»»

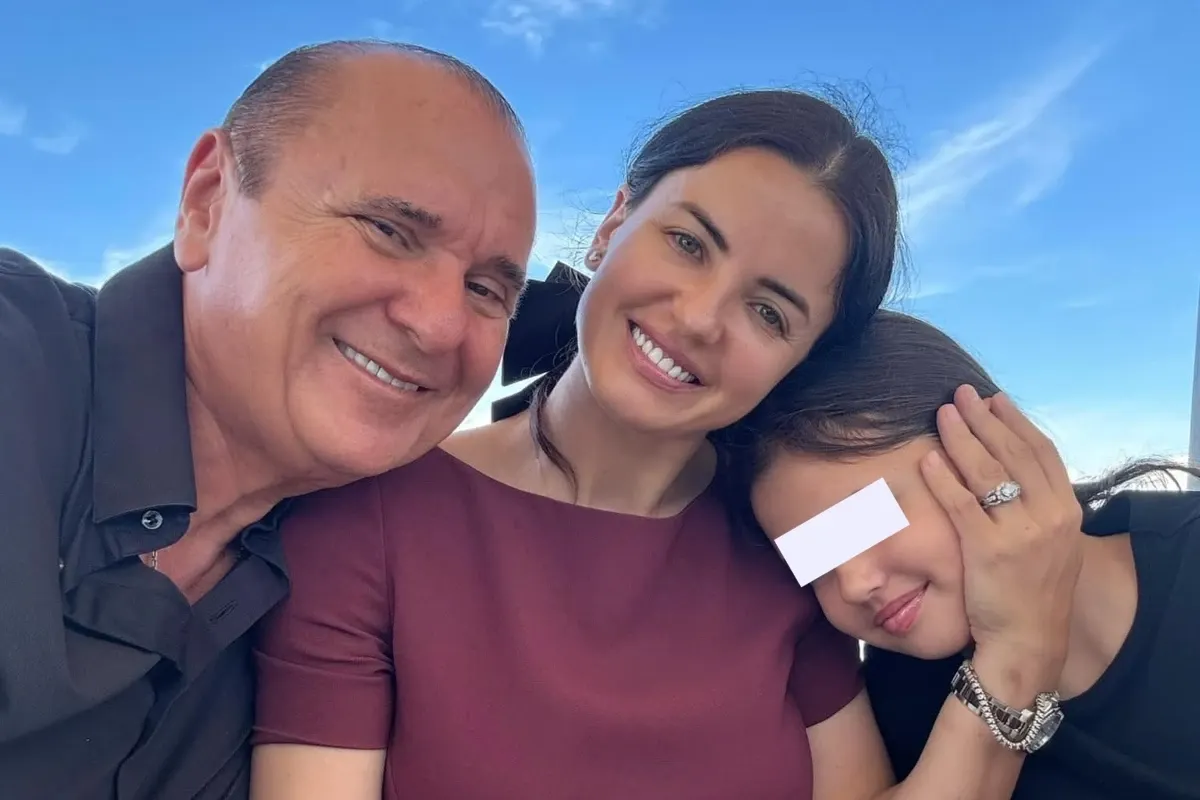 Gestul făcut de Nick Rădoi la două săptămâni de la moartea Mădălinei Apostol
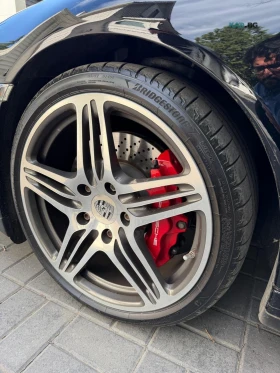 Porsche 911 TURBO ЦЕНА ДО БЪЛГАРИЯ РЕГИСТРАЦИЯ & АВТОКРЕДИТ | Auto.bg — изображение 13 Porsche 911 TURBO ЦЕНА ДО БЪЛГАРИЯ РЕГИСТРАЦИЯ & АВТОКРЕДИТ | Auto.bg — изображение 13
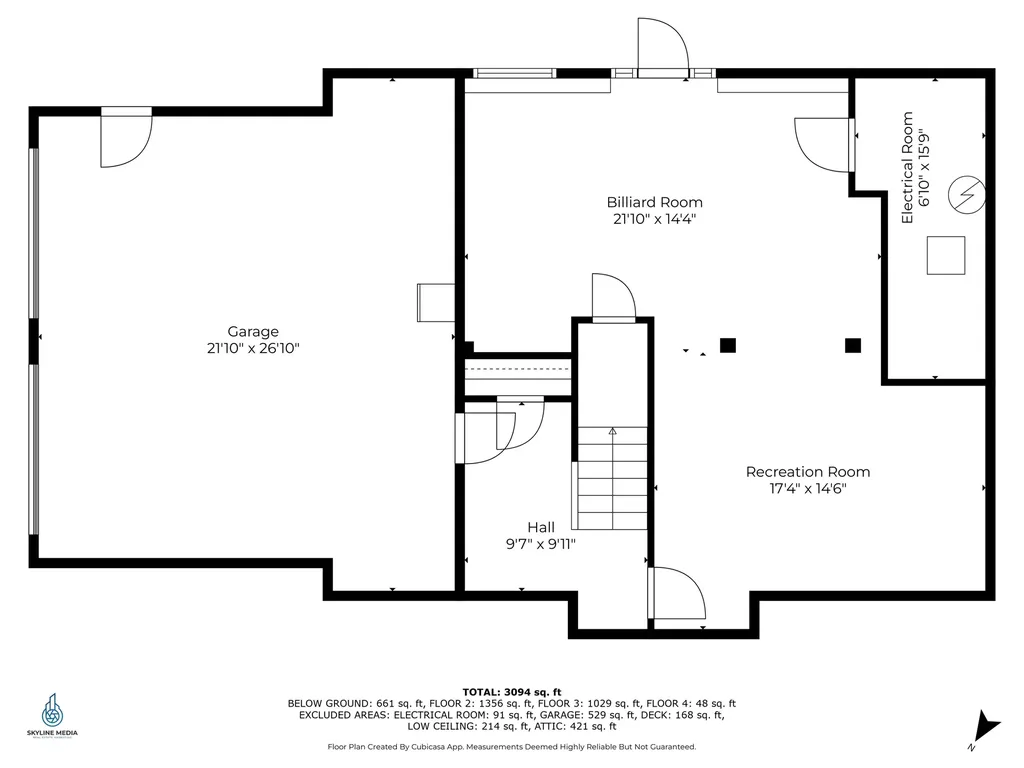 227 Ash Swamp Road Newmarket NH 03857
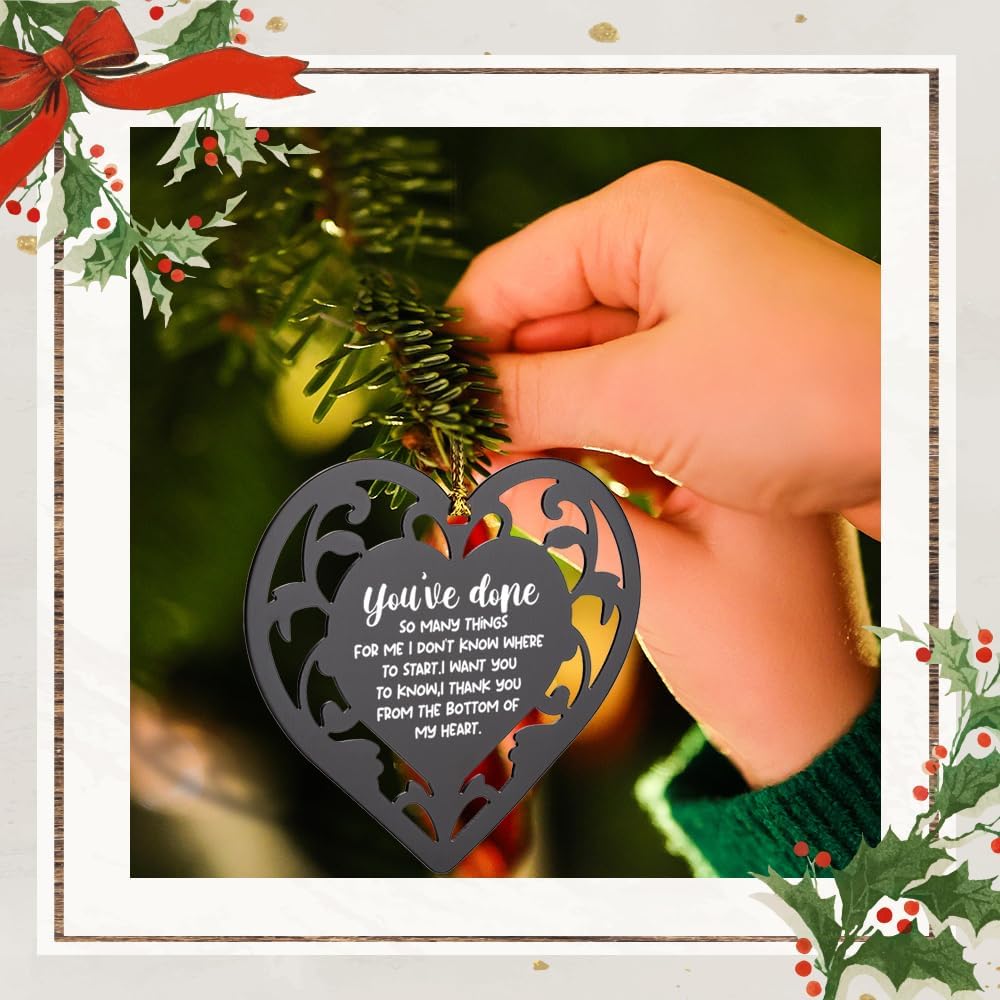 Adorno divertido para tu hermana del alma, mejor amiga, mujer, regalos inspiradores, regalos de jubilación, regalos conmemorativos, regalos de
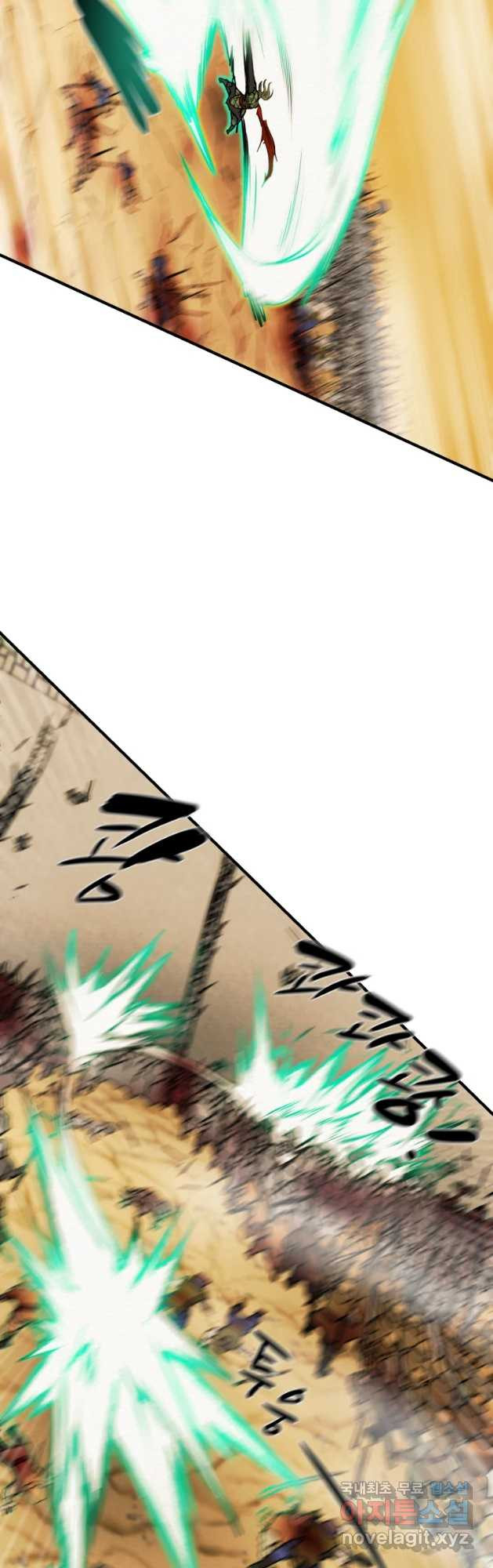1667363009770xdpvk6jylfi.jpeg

««

» **AIM OF THE EXERCISE**
The needed output is the lines from the one with "Adorno divertido para" through the end of the listing, written out exactly, both ends included, pictures excluded.

» **EXERCISE ANSWER**
 Adorno divertido para tu hermana del alma, mejor amiga, mujer, regalos inspiradores, regalos de jubilación, regalos conmemorativos, regalos de
1667363009770xdpvk6jylfi.jpeg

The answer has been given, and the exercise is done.